Task description
For this item, repeat the material exactly while omitting its pictures.

Stored data
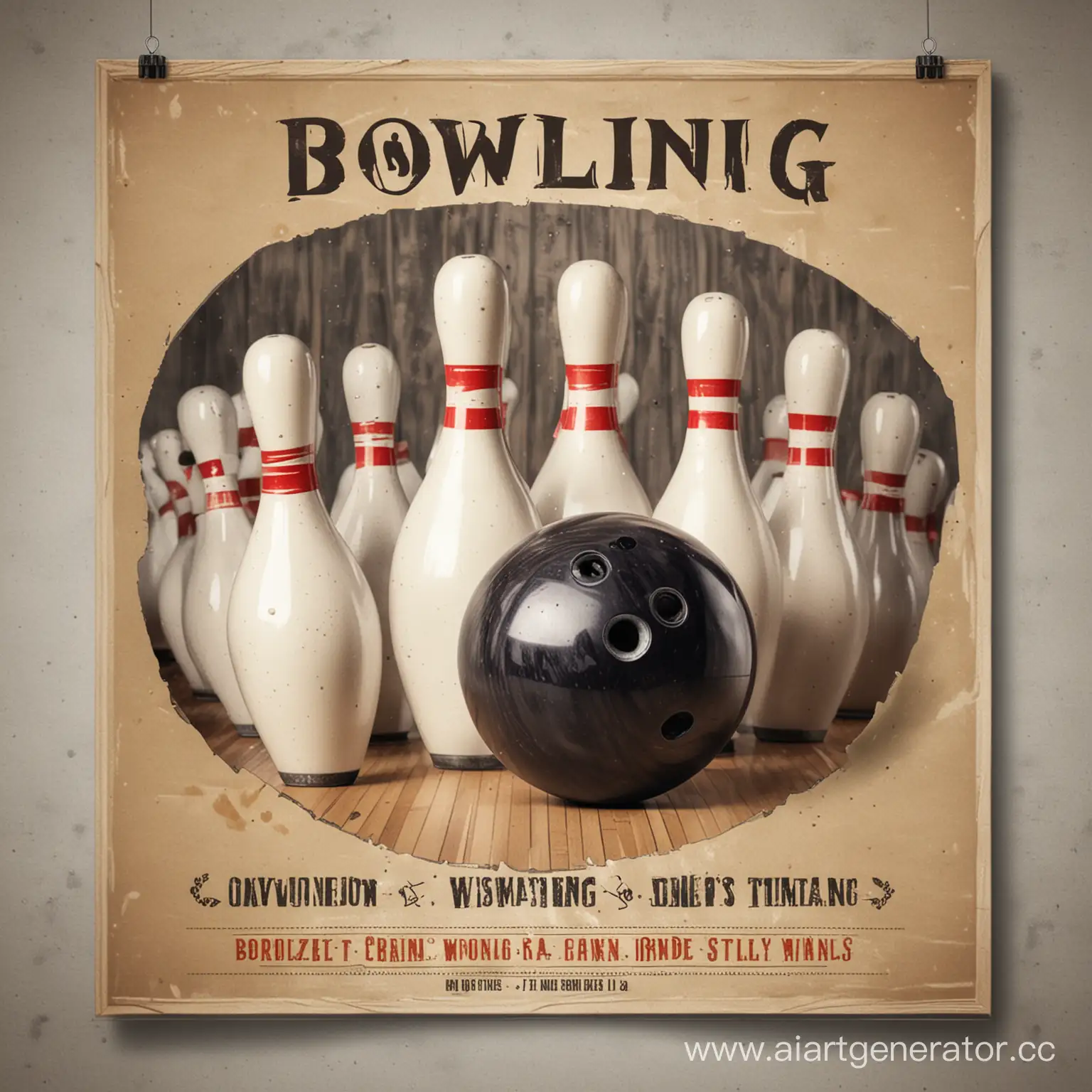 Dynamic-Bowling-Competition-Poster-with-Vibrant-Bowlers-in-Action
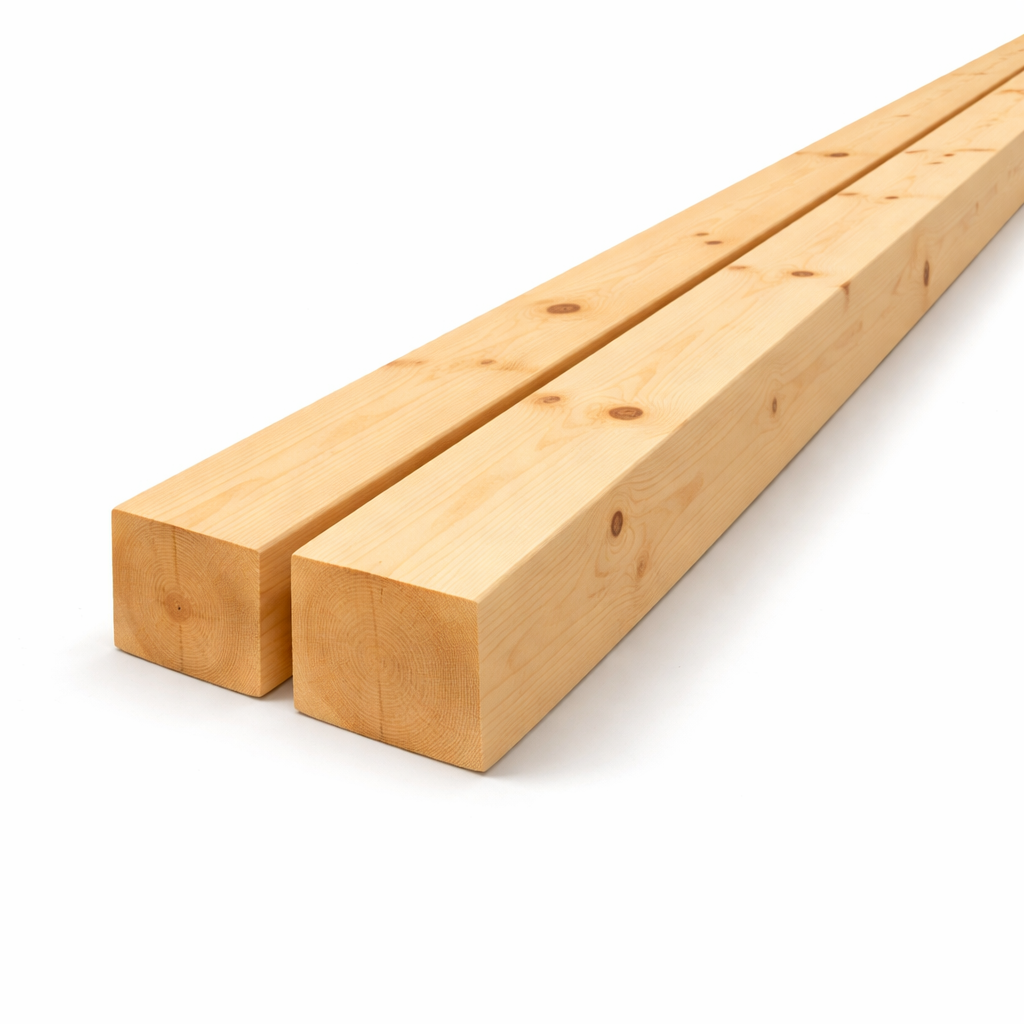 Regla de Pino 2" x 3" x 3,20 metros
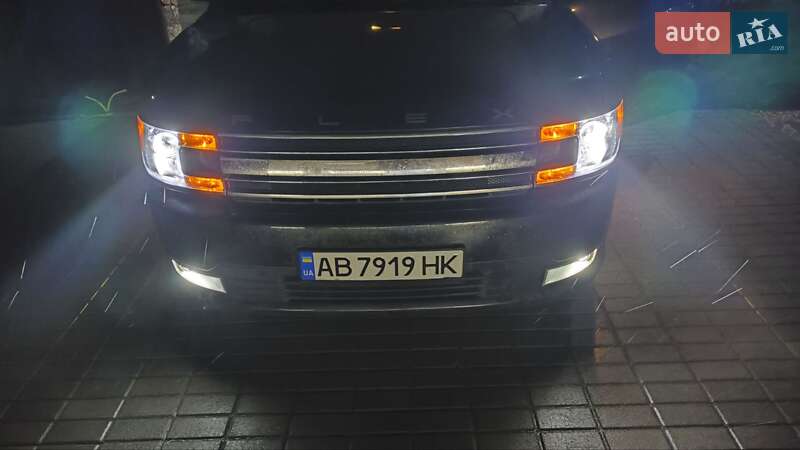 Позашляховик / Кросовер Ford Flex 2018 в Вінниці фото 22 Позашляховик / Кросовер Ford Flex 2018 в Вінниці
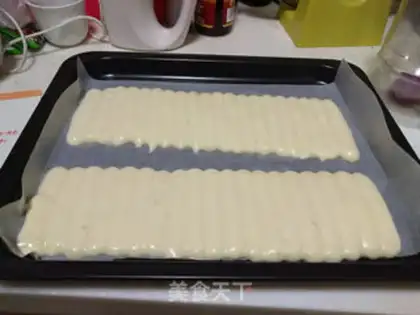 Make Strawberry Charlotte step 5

Exercise result
 Dynamic-Bowling-Competition-Poster-with-Vibrant-Bowlers-in-Action
 Regla de Pino 2" x 3" x 3,20 metros
 Позашляховик / Кросовер Ford Flex 2018 в Вінниці фото 22 Позашляховик / Кросовер Ford Flex 2018 в Вінниці
 Make Strawberry Charlotte step 5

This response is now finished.